Für Bernd Winkelmann, Landesvorstandssprecher der GEW Bremen, ist diese Argumentation schlüssig: „Wenn auch die Wohnungsbaugesellschaften eine Finanzierung über den Kapitalmarkt erwirken müssen, dann ist nichts gewonnen – außer einer kurzfristigen Haushaltsentlastung.“ Die von Prof. Schrooten vorgetragenen Nachteile eines solchen Verfahrens sind bedenkenswert: Durch Auslagerung der Ausgaben mangelt es an Transparenz, die Kosten steigen, die Stadt bindet sich langfristig und das Risiko einer späteren Privatisierung ist nicht ausgeschlossen.

Auch andere vorgetragenen Lösungsvorschläge wie die Bildung eines Sondervermögens wurden kritisch bewertet. Aus den Ausführungen von Frau Schrooten ging hervor, dass auch damit das Problem mangelnder Finanzkraft öffentlicher Haushalte nur in die Zukunft verlagert würde.

„Die Schlussfolgerung, dass die Kommune in der aktuellen Situation die Finanzierung ihres eigenen Schulbaus strukturell nicht schaffen kann, ist schon niederschmetternd“,

so Winkelmann. Allerdings ist zu bedenken, dass die hinderlichen Rahmenbedingungen wie die „Schuldenbremse“ von Parlamenten selbst verabschiedet wurden.

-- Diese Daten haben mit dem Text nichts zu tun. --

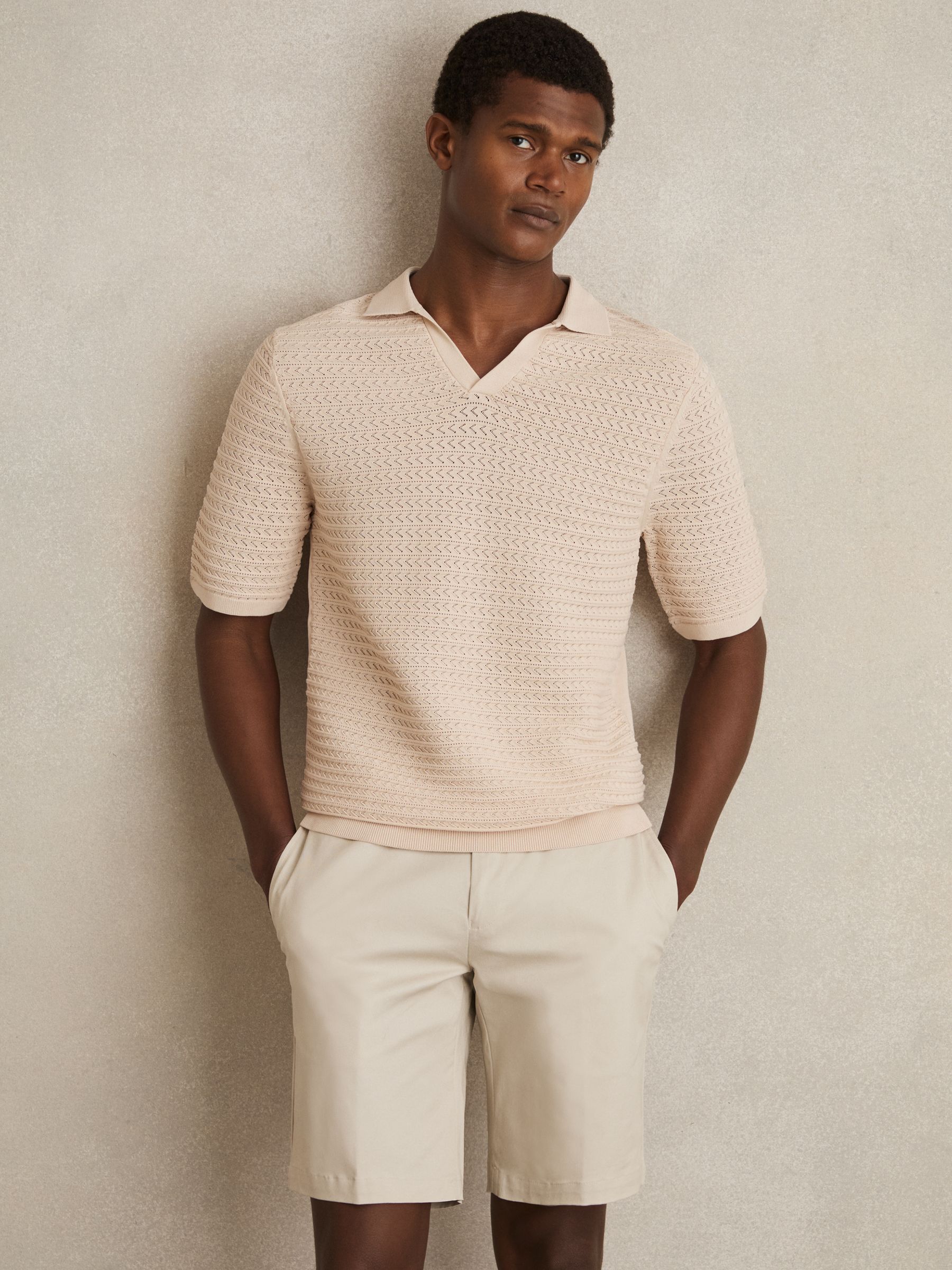 Pointelle Open-Collar Polo Shirt in Stone - Image 3 of 6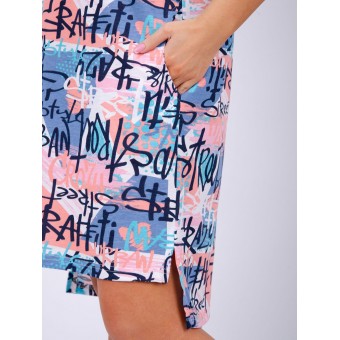 Туника  женская       из кулирки     с коротким рукавом  черная  Надписи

Aus diesem Zusammenhang resultiert auch der „echte“ Lösungsansatz: Die Gemeinden müssen gesamtgesellschaftlich in die Lage versetzt werden, ihre verfassungsmäßigen Aufgaben erfüllen zu können. In Bremerhaven geht es um 114 Mio. Euro tatsächlicher Baukosten, nicht um 249 Mio. Euro einschließlich der Miet- und Zinszahlungen bei privaten Investoren. Um die öffentliche Hand entsprechend in die Lage zu versetzen, selber bauen zu können, bedarf es einer Besserstellung der Kommunen in der Finanzverteilung der Bundesrepublik oder einer erneuten Änderung des Grundgesetzes. „Gesetzesänderungen, die durch Parlamente in einer bestimmten politischen Situation vorgenommen wurden, können auch wieder zurückgezogen werden“, resümiert Winkelmann. Dies ist der Weg, der beschritten werden muss.

Zum Hintergrund:

  • Die Anzahl der Schüler*innen in Bremerhaven steigt in einem Zeitraum von 2019 – 2024 um 549 Kinder in der Grund- und 655 Jugendliche in der Oberschule;
  • neben Erweiterungen und Anbauten an verschiedenen Standorten sind 3 Schul-Neubauten unerlässlich;
  • ergänzend dazu besteht an den Schulen der Stadt ein Sanierungsstau von 175 Mio. Euro;
  • der zitierte Beschluss der Stadtverordnetenversammlung basiert auf Berechnungen des Stadtkämmerers Neuhoff: 114 Mio Euro Baukosten stehen Zusatzkosten bei privaten Investoren gegenüber, die zu einer Gesamtsumme von 249 Mio. Euro führen. Die Berechnungskriterien sind unklar;
  • bemerkenswert sind einige bildungspolitische Daten: Das Land Bremen gibt 7.800 Euro pro Schüler*in jährlich aus, Hamburg 10.100 Euro, Berlin 10.000 Euro.